**Given information:**
%%

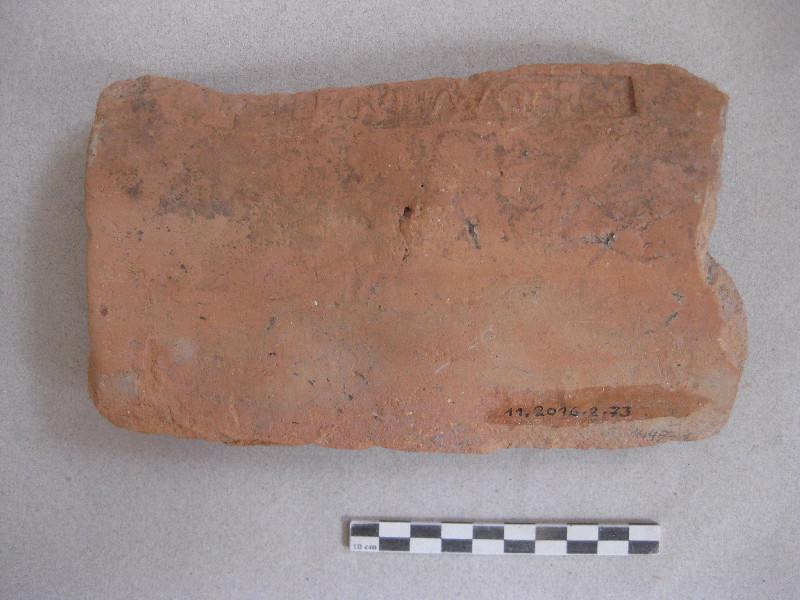 Tuile de type imbrex avec estampille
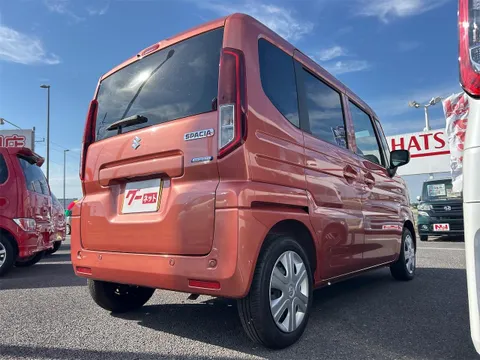 Suzuki Spacia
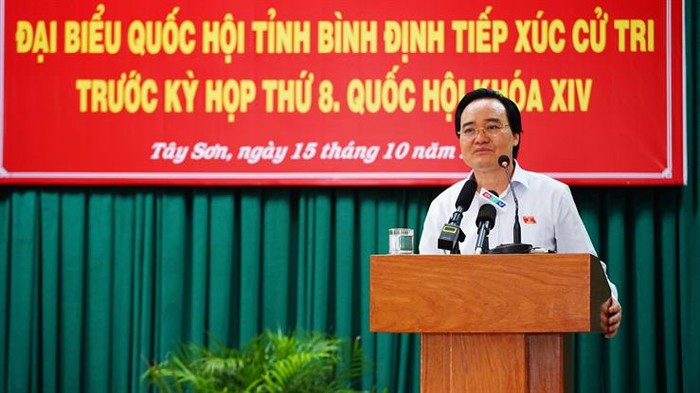 Bộ trưởng Phùng Xuân Nhạ tiếp xúc cử tri tỉnh Bình Định trước kỳ họp thứ 8, Quốc hội khóa XIV (Ảnh: moet.gov.vn)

%%

**Task objective:** Give back the whole listing exactly; no pictures.

**Response for this exercise:**
 Tuile de type imbrex avec estampille
 Suzuki Spacia
 Bộ trưởng Phùng Xuân Nhạ tiếp xúc cử tri tỉnh Bình Định trước kỳ họp thứ 8, Quốc hội khóa XIV (Ảnh: moet.gov.vn)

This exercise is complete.